• EXERCISE: An exact copy is needed of the lines from the one that contains "Progressive rock inspired" through the final line of the data below, with pictures left out.

[INPUT MATERIAL — start]

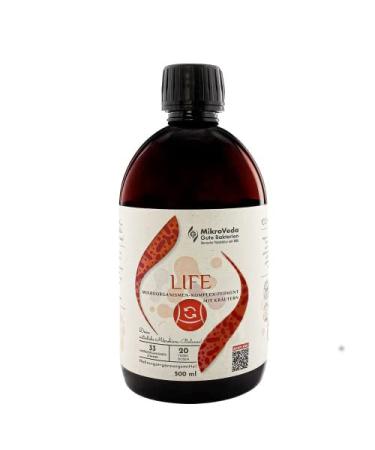 Microveda Life EnzymeFerment drink 500ml 33 bacterial strains 20 fermented herbs & plants super-activated highly cell-available bioavailable vegan raw German certified manufacturer 500 ml (1 Pack)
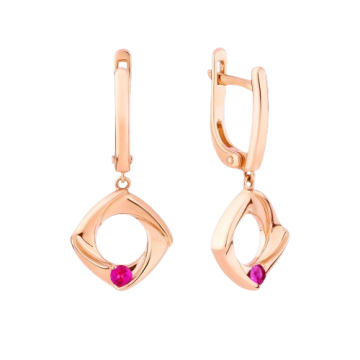Earrings in red gold of 585 assay value with ruby 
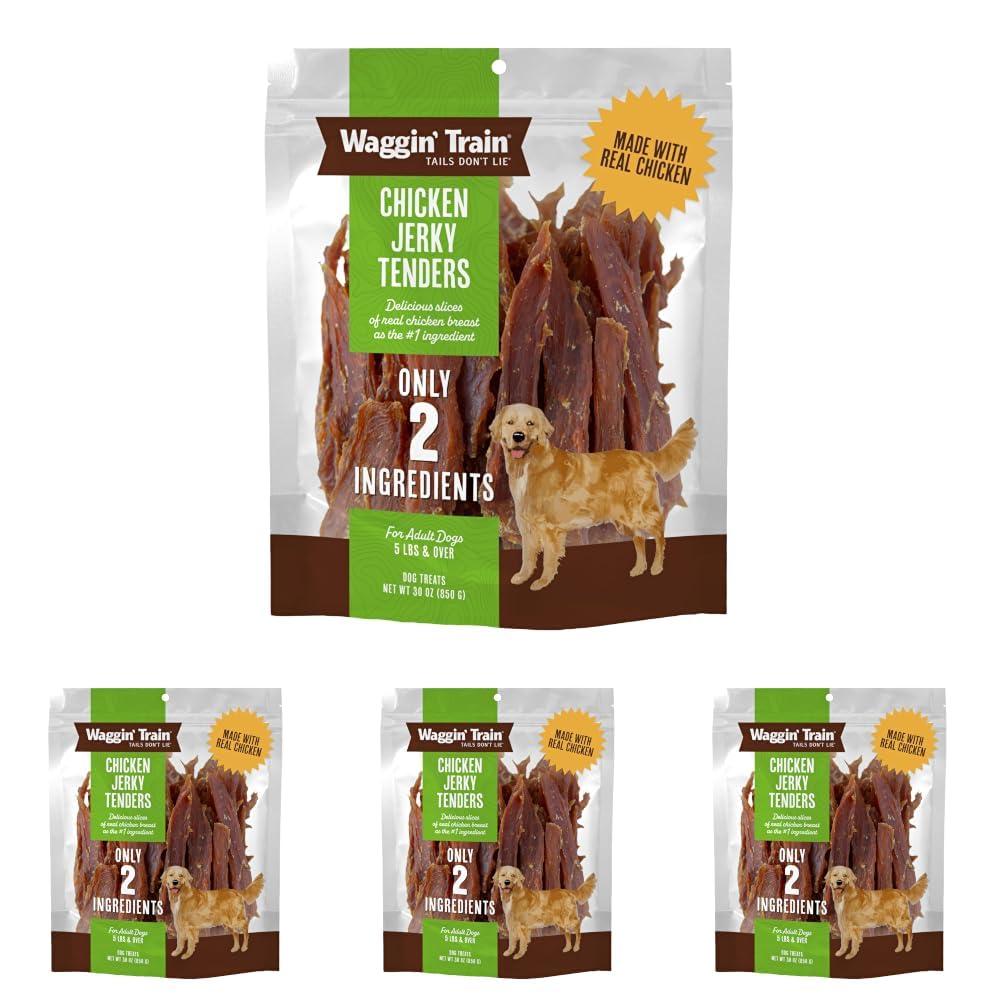 Waggin' Train Chicken Jerky Dog Treats, Made with 100% Real Chicken Breasts, Only Two All-Natural Ingredients, Great High Protein Dog Treat, Easily Digestible for Big or Small Dogs, 30 oz. Pouch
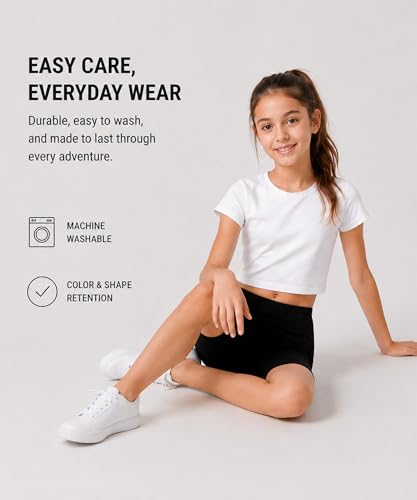 Image of KYDA KIDS Girls's Stretchable Anti Bacterial Cycling Shorts, Yoga & Workout Gym Shorts (Pack of 3)
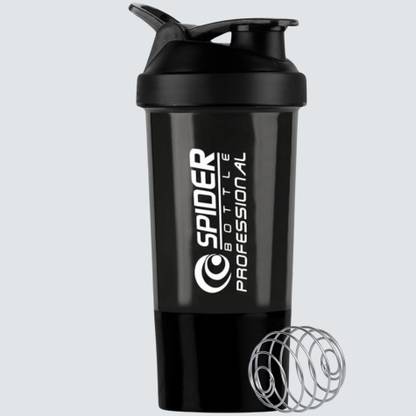 Dassio Spider Gym Shaker with Stainless Steel Mixer Ball & 1 Containers for Protein 500 ml Plastic Shaker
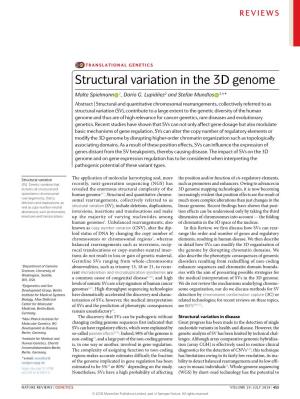 Structural Variation in the 3D Genome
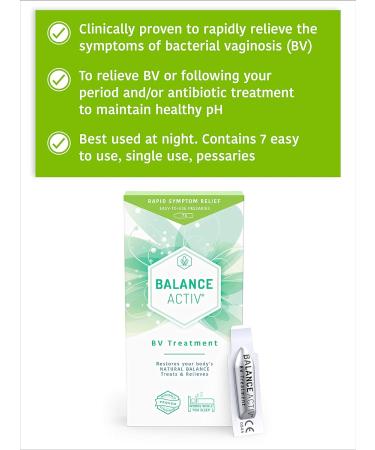 Balance Activ Pessaries for Bacterial Vaginosis Relief | Natural Treatment for Odour & Discomfort | 1 Pack, 7 Count - Buy Online on GoSupps.com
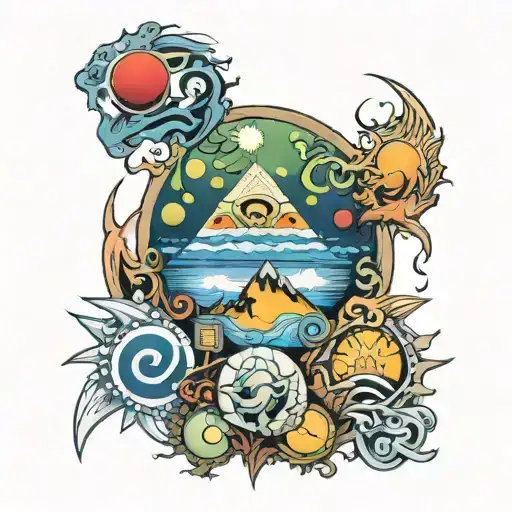 Progressive rock inspired tattoo design combining elements of album covers from Yes, ELP, King Crimson and Genesis tattoo design idea
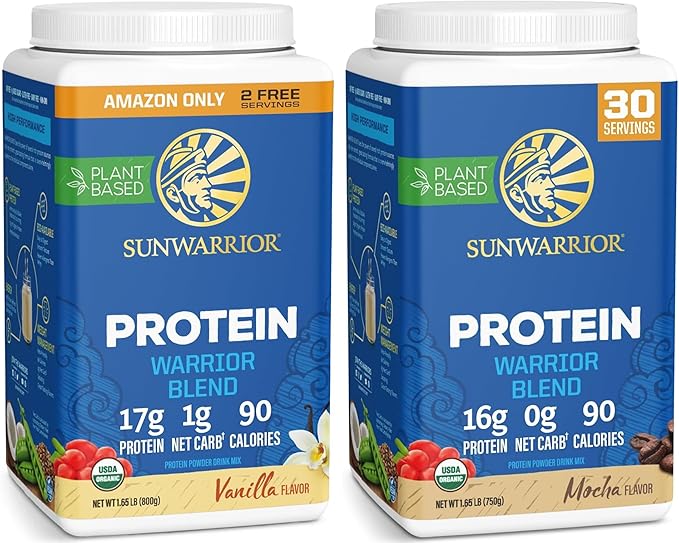 Sunwarrior Mocha &amp Vanilla Organic Plant Based Protein Powder Set | Bundle &amp Save | Vegan Organic Protein Powder | Non-GMO Soy Dairy Filler &amp Gluten Free (32 Servings Vanilla 30 Servings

[INPUT MATERIAL — finish]

• SOLVED EXERCISE:
 Progressive rock inspired tattoo design combining elements of album covers from Yes, ELP, King Crimson and Genesis tattoo design idea
 Sunwarrior Mocha &amp Vanilla Organic Plant Based Protein Powder Set | Bundle &amp Save | Vegan Organic Protein Powder | Non-GMO Soy Dairy Filler &amp Gluten Free (32 Servings Vanilla 30 Servings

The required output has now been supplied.